---------- Extracted records ----------
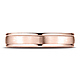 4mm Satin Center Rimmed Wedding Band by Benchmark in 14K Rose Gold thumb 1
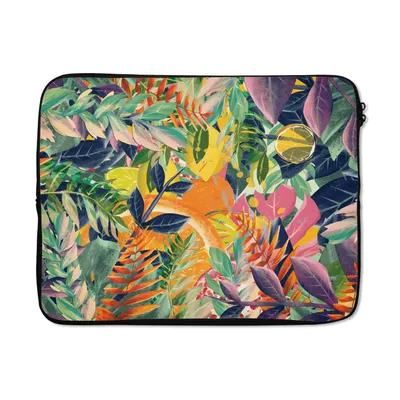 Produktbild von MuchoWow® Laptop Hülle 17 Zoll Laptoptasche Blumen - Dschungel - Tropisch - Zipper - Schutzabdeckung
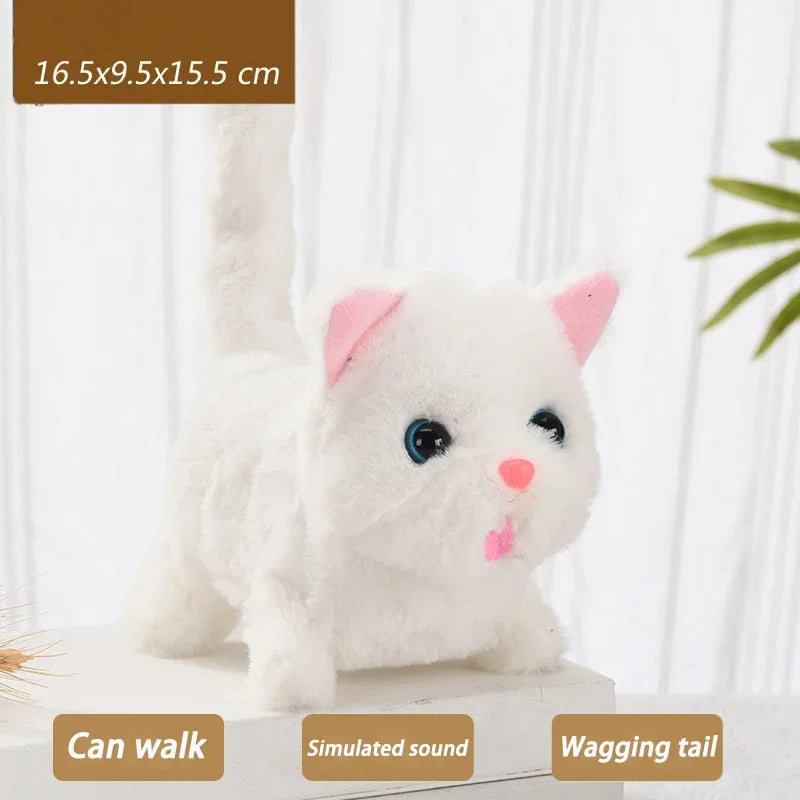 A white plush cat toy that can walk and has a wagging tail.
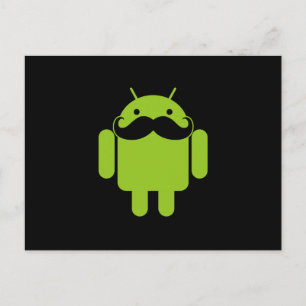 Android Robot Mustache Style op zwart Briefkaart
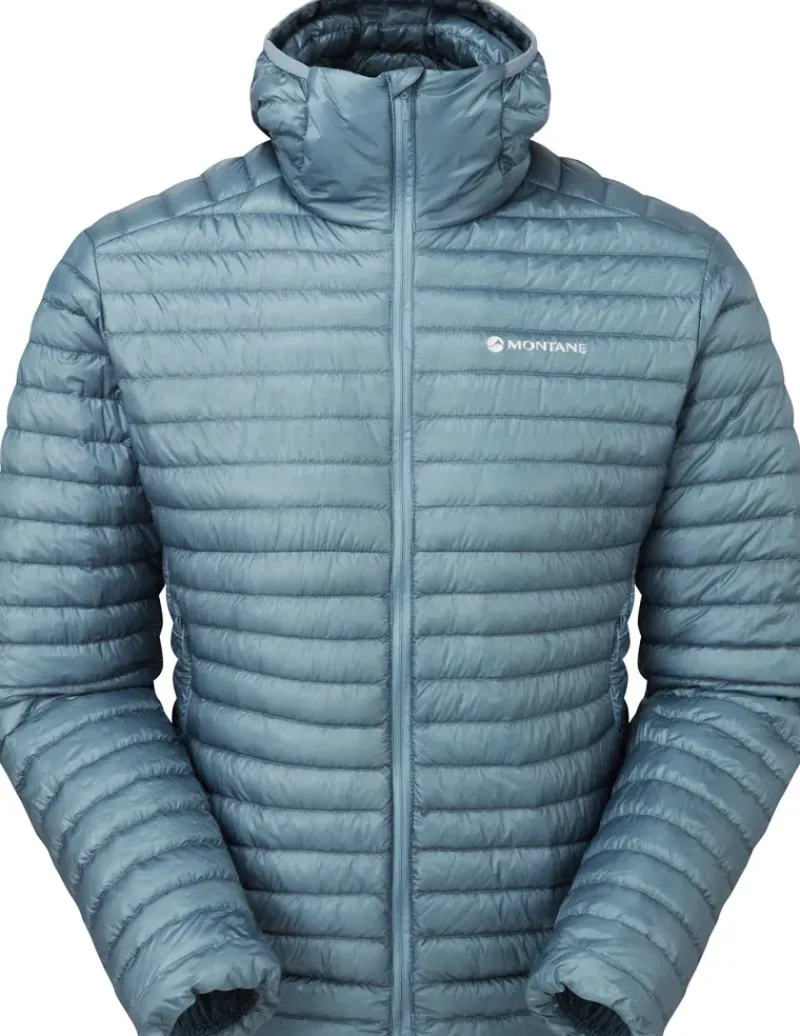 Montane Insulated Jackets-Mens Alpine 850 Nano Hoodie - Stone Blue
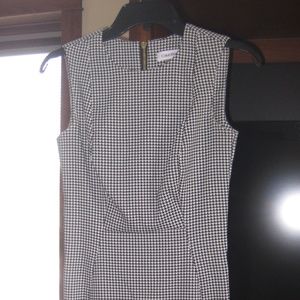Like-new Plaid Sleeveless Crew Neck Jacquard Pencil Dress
----------
---------- Extracted records ----------
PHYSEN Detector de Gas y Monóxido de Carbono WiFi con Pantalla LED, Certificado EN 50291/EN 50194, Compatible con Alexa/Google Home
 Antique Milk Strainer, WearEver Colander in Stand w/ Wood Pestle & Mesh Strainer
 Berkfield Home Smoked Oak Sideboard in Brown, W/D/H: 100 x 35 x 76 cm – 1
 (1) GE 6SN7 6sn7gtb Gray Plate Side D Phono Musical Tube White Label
----------
▸ **Task instructions**: Print again the lines of the entries above that fall between the line holding "Antique Milk Strainer, WearEver" and the line holding "(1) GE 6SN7", inclusive, exactly as they stand.

▸ **Answer for the task**:
 Antique Milk Strainer, WearEver Colander in Stand w/ Wood Pestle & Mesh Strainer
 Berkfield Home Smoked Oak Sideboard in Brown, W/D/H: 100 x 35 x 76 cm – 1
 (1) GE 6SN7 6sn7gtb Gray Plate Side D Phono Musical Tube White Label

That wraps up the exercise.